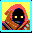 Pixel art of a hooded figure with glowing yellow eyes, brown and red clothing, against a bright yellow background bordered by light blue.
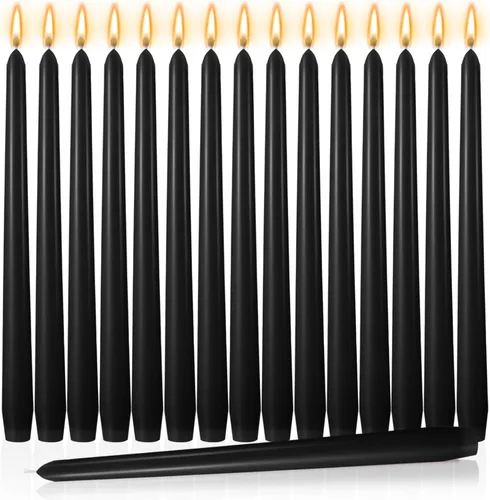 Vista 11 de MTLEE 16 velas cónicas de 10 pulgadas de largo a granel, sin humo, sin perfume, cera de parafina con mecha de algodón para el día de San Valentín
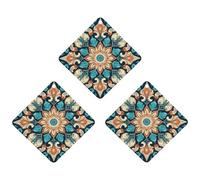 Vintage Mandala Flowers Car Air Freshener Hanging Incense Chips 3 Pack Automotive Scented Hanging Sheets Rhombus for Car Home Auto Interior Decor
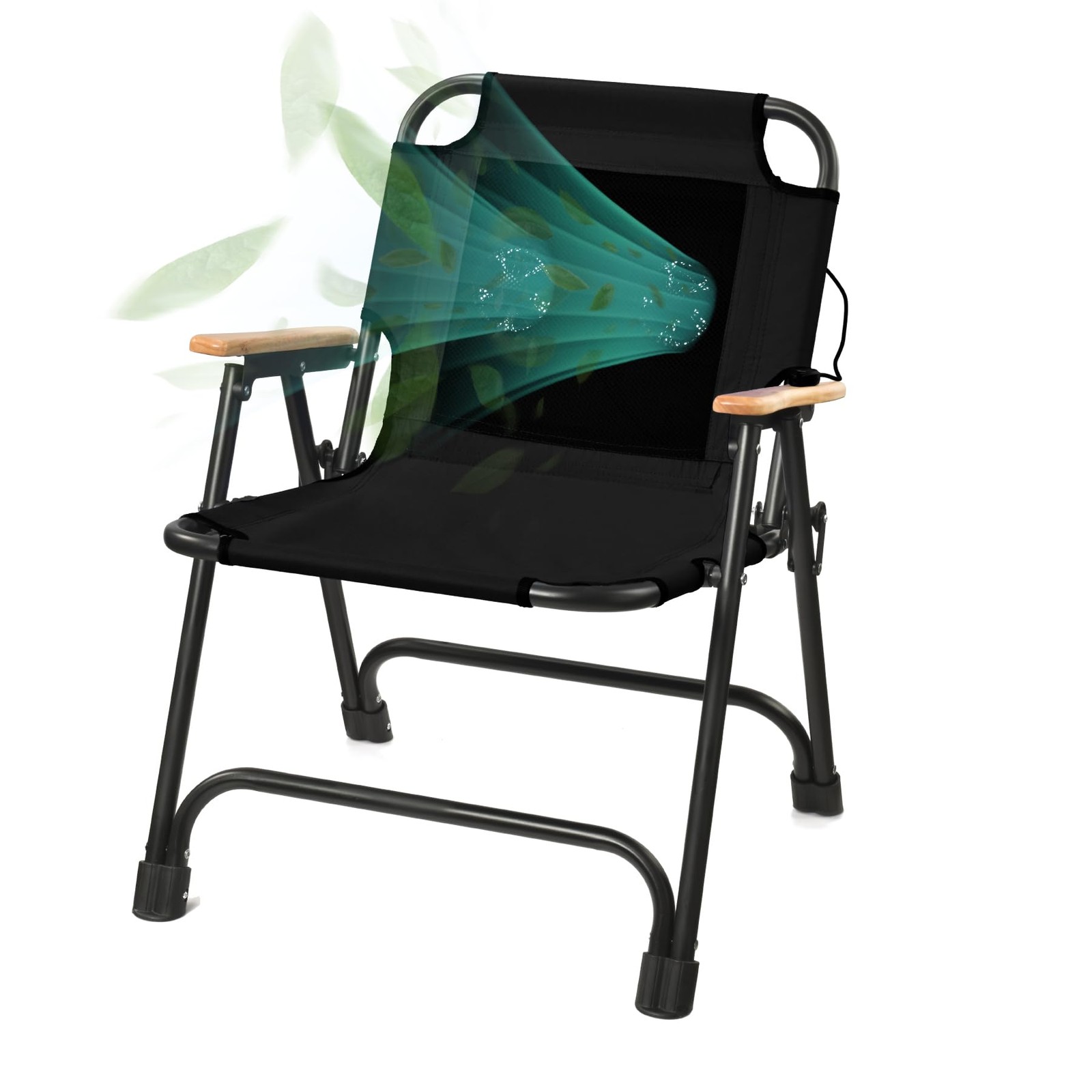 Foldable Beach Chair Camping Chair with Fan, with USB-Powered Cooling System,...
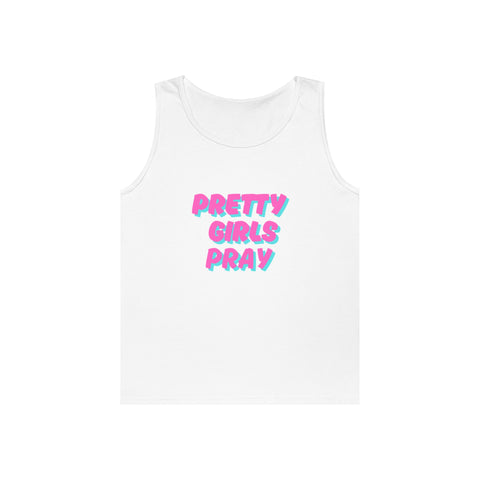 White & Pink 'Pretty Girls Pray' Heavy Cotton Tank Top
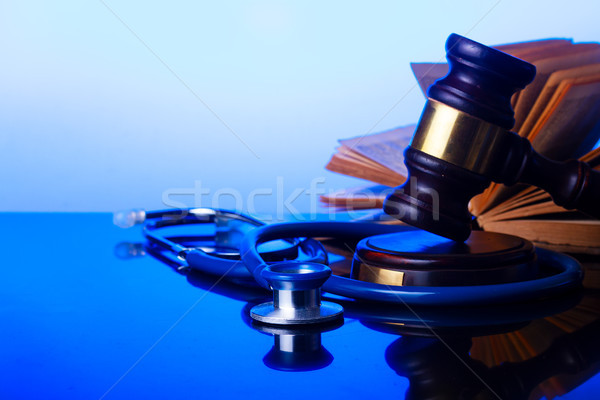 Hand holding law gavel Stock photo © neirfy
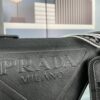 Prada 21K Tri-Fold Cross Texture Triangle Bag with Box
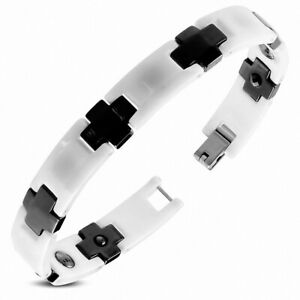 【送料無料】ジュエリー・アクセサリー ホワイトブラッククロスセラミックパンサーリンクブレスレット10mm ?bracelet a maillons panthere en ceramique avec croix en blanc et noir
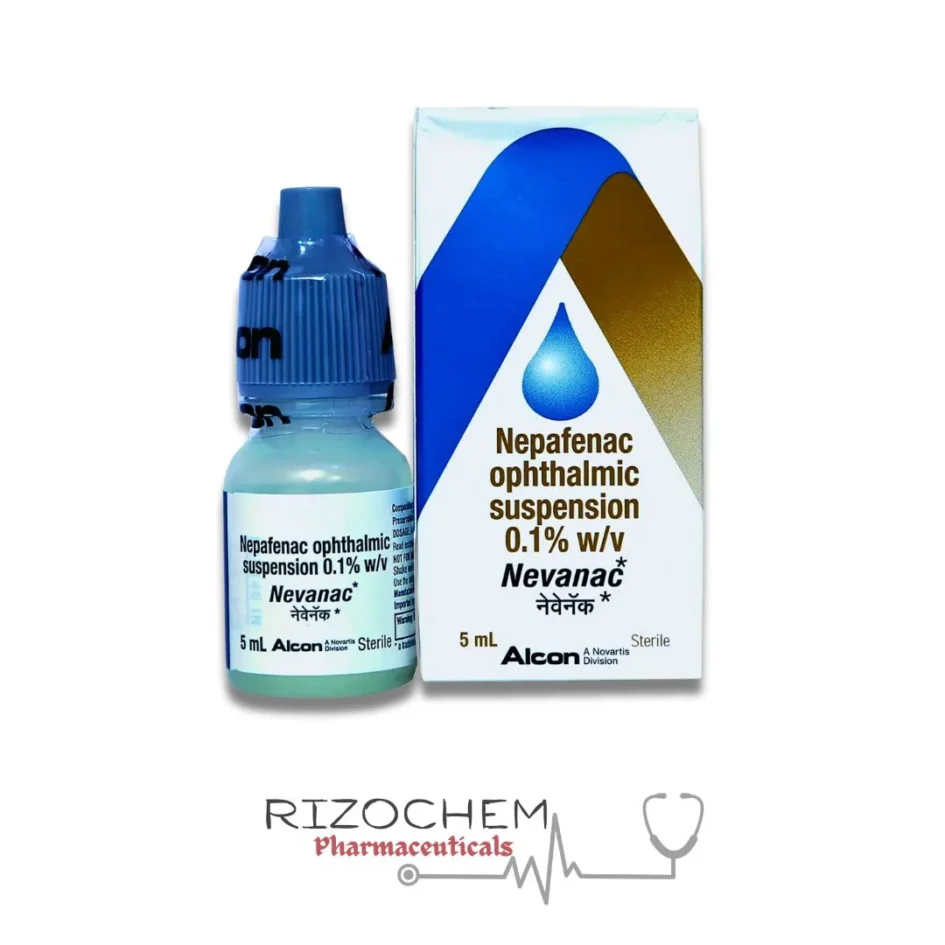 Nepafenac 5ml Nevanac Eye Drop by Rizochem Pharmaceuticals - anti-inflammatory eye drop used to reduce pain and swelling after cataract surgery.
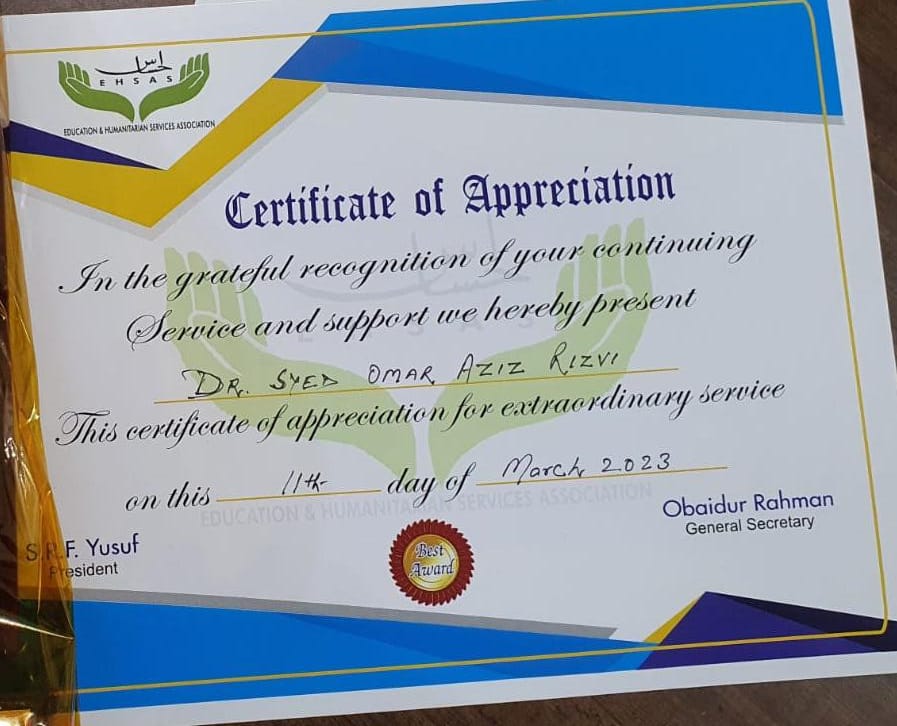 Certificate of Appreciation — Extraordinary Service
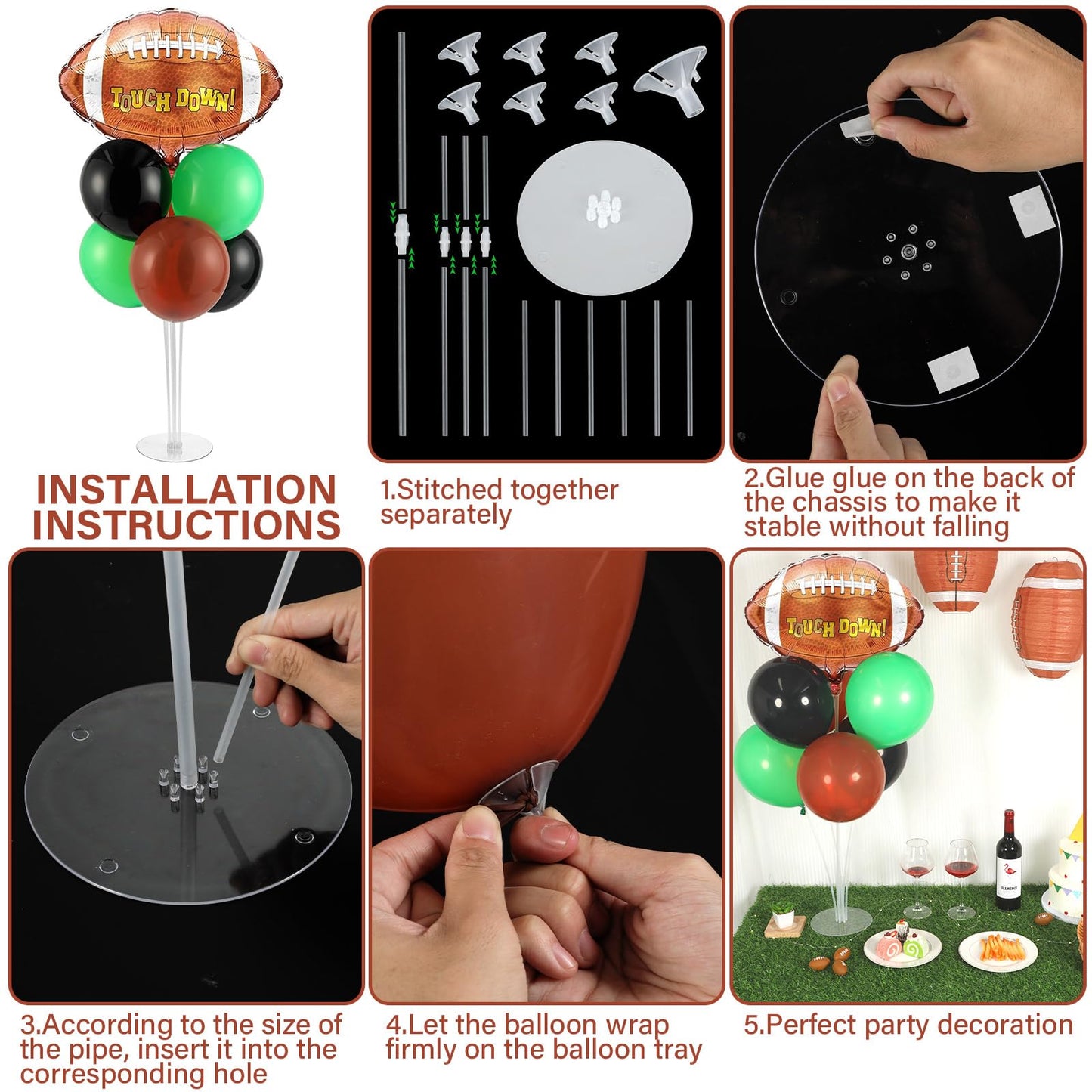 Naozinebi 4 Sets Football Party Balloons Stand Kit with Rugby Ball Foil Balloons – Centerpiece for Tables & Sports Events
= = = =
### [ACTIVITY]
The answer must consist solely of the lines from the one with "blanc et noir" through the final line of the data, each reproduced exactly and with pictures omitted.

### [EXERCISE SOLUTION]
 【送料無料】ジュエリー・アクセサリー ホワイトブラッククロスセラミックパンサーリンクブレスレット10mm ?bracelet a maillons panthere en ceramique avec croix en blanc et noir
 Nepafenac 5ml Nevanac Eye Drop by Rizochem Pharmaceuticals - anti-inflammatory eye drop used to reduce pain and swelling after cataract surgery.
 Certificate of Appreciation — Extraordinary Service
 Naozinebi 4 Sets Football Party Balloons Stand Kit with Rugby Ball Foil Balloons – Centerpiece for Tables & Sports Events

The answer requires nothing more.